The last six-and-a-half years have seen Daniel hardly draw breath.

At 16, he performed his first five-minute stand-up at The Laughing Horse in Edinburgh and began writing material for Frankie Boyle’s slot on Mock the Week.

The next year, aged just 17, he did his first joint Edinburgh Festival Fringe show and by 2009, he had sold out his first full Fringe show, going to London and becoming the youngest comedian to take a show to the Soho Theatre.

In 2010, he starred in his own BBC Three sitcom The Adventures of Daniel and, at 21, recorded his own live DVD.

Such is his fame now that he’s been asked to do diving show Splash! and Let’s Dance for Comic Relief – both of which he’s turned down.

While doing so well so young has allowed Daniel to move away from his parents’ home in Fife to his own house in Edinburgh and to make comedy a career, it also tarnished him with a teenage comic tag he has had difficulty in shrugging off.

America has no such baggage.

He said: “It’s untouched snow for me. I can reinvent myself.

“I got TV when I was very young – 18 or 19 – and talked about my life then. But it was at 21 that I found my voice and became darker and ruder.

“The problem was that people who had seen me doing my young and friendly stuff thought that was still me.

“It’s not.
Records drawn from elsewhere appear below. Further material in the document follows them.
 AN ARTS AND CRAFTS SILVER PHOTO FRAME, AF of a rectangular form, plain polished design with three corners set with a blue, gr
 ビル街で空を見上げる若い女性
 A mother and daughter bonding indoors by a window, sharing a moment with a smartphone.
I think I’m beginning to shed the young comedian impression that’s followed me in the UK.

“But in America I don’t have that. They have no back reference for me. I walk on stage and you can see the looks in their faces – is this kid going to be funny?

“Well, with six-and-a-half years under my belt, I think I’ll be fine.”
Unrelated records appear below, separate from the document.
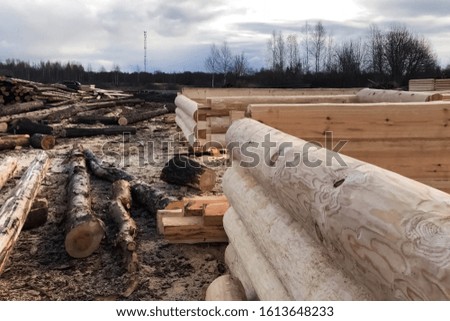 Preparation of logs for the assembly of the structure. Materials for a wooden house. Drying and assembly of a wooden log house at a construction base.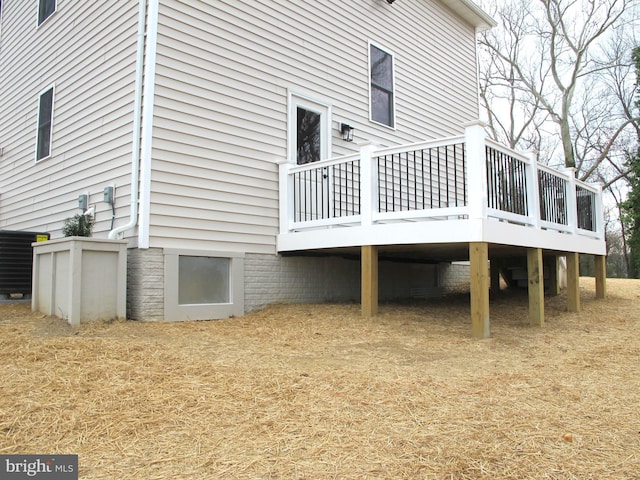 back of property with a wooden deck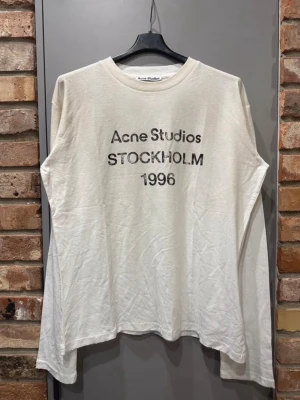Vit långärmad topp Acne Studios - Vit långärmad topp från Acne Studios med tryck 'Acne Studios STOCKHOLM 1996' på bröstet. Klassisk rund halsringning och avslappnad passform. Perfekt till jeans för en clean och trendig look.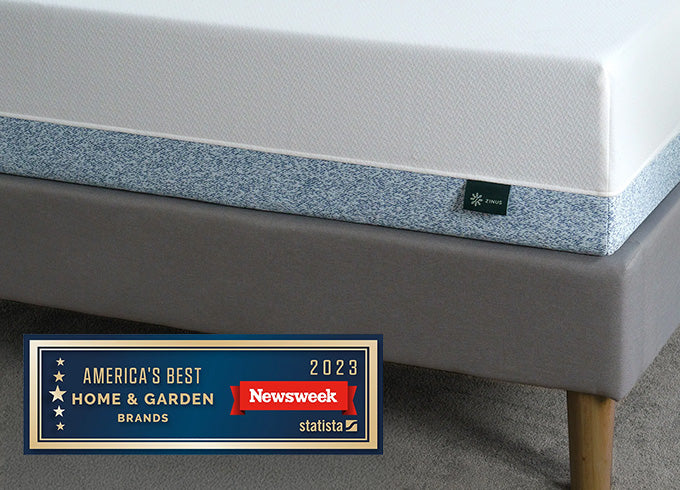 "Close-up of Zinus Cooling mattress with white top and blue speckled side panel, on upholstered bed, featuring Newsweek 2023 America's Best Home & Garden Brands award badge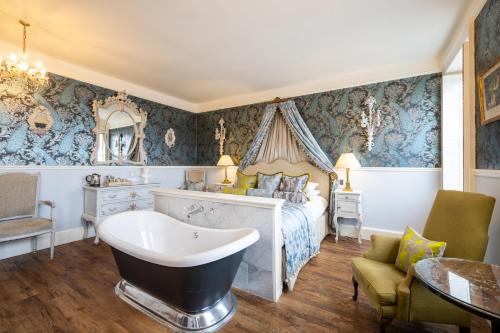 a bedroom with a bed and a bath tub in it at The Dial House in Reepham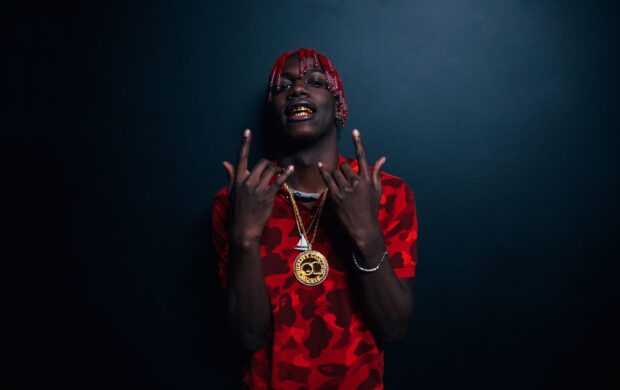 Lil Yachty poses with hand gestures wearing gold chains and grills, 2K Desktop Wallpaper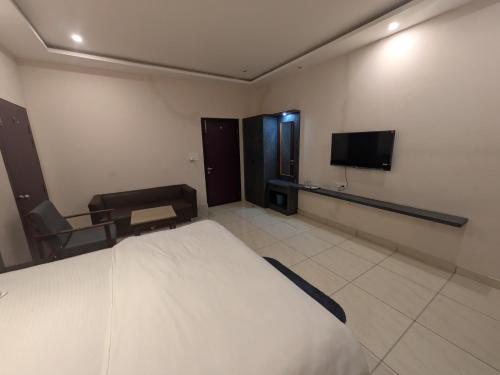 a hotel room with a bed and a tv at Kishori Vatika in Rāmnagar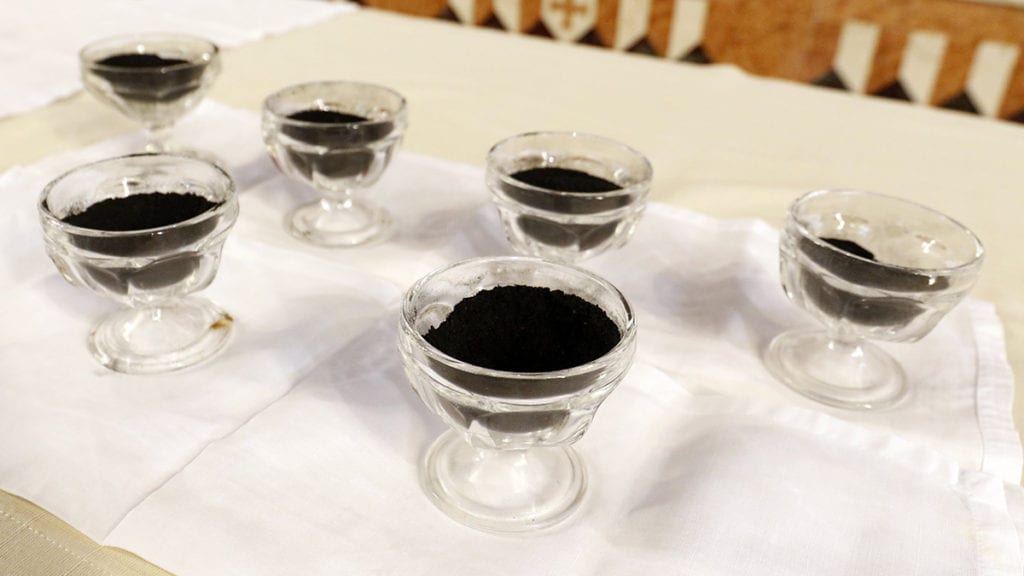Glass cups containing ashes on an altar.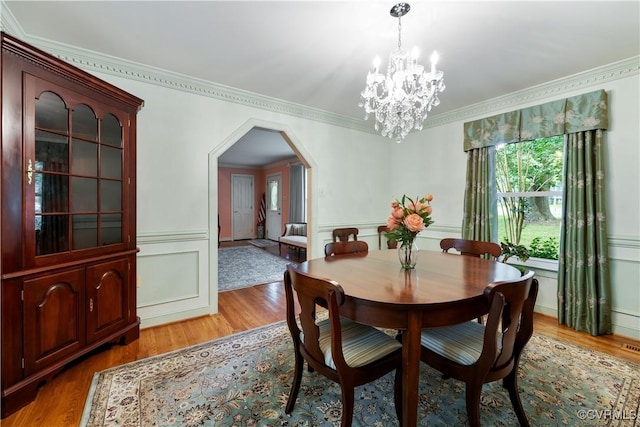 4310 Courthouse Rd, Prince George, VA 23875 - dining space featuring arched walkways, a chandelier, light wood-type flooring, ornamental molding, and a decorative wall
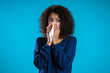 Young girl with afro hair sneezes into tissue. Isolated woman is sick, has a cold or has allergic reaction. Health, medicine, illness, treatment concept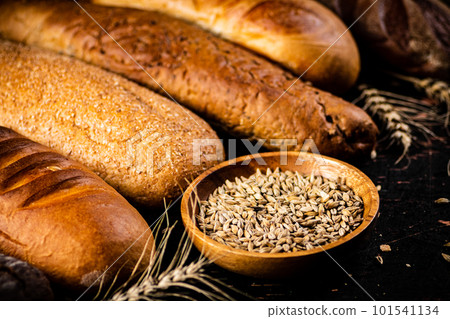 Various bread with grain in a bowl on the table. 101541134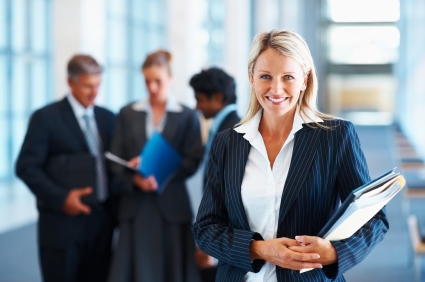 Cute business woman with colleagues in discussion at the background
Since signing with the prestigious CCA in Los Angeles in 2012, Daniel has been doing gigs in LA, Denver and Indiana.

He said: “I want to do more here and see what happens. I love stand-up and do it all over Europe and in Australia but hadn’t done it in America.

“It’s where a lot of my favourite comedians are from. I went over to see if I was funny and, thankfully, I am.”
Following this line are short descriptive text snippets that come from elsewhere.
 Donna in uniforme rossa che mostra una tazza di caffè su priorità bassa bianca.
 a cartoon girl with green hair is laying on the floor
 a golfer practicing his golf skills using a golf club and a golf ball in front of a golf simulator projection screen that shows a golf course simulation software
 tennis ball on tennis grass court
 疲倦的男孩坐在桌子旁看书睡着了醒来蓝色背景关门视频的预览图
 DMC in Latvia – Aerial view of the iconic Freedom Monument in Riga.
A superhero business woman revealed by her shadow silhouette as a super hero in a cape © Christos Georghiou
He was first asked to appear on Conan last December when the show’s talent executive, JP Buck, saw Daniel do his Edinburgh Fringe show. Two months later, he was asked back.

Daniel said: “The first one was nerve-wracking. It was the first time I’d been on American television but I’ve done enough gigs on telly in the UK that I can handle it.

“My only complaint was that it was only four-and-a-half minutes’ long. I’d love to have done an hour.

“When they asked me back, they asked if I had another five minutes.

“In America, comics build up from five minutes to a strong 10-20, so they didn’t think I’d be at that stage yet.

“When they asked if I had another five minutes, I said I’ve got five hours.”

As well as stand-up, he’s also trying to get acting work in Hollywood. His management see auditions as a way of getting Daniel’s face in the minds of casting directors for future shows.

A stumbling block is Daniel’s awful American accent.

He laughed: “When they asked if I could do an American accent, I told them I wasn’t going to insult them by even trying. I then suggested they could make the role Scottish.

“But I have to work on it. I don’t want to be that person with an atrocious accent, offending everyone.”

The star will be back in Scotland from July for Daniel Sloss – Really…?! at the Edinburgh International Conference Centre. It’s likely to sell out and Daniel admitted he is one of the few comedians coming to Edinburgh who actually makes money.

He said: “I live in Edinburgh. All the other comedians are paying extortionate rents but my mortgage stays the same. And I’m Scottish and the Scottish audiences are immensely supportive of their own. I do sell out all my shows and I’m one of the few comics to make money at the Fringe.”

But don’t expect to see him driving around Edinburgh in a flash car. He still drives his mum’s yellow Ford Ka (he doesn’t want to buy his own).

He laughed: “I am accused of being thrifty by my friends. But I might not always be earning what I am now, so all my money goes into my house.”

Well, if he’s not living it up, surely he’s enjoying the comedy groupies?

Despite it being Valentine’s Day, Daniel is a man on only one mission – to have a long and strong career.

He said: “I don’t have a girlfriend. I travel lots. I don’t see the point in having a long distance relationship.”

As it’s been pointed out many times before, comedy is a serious business.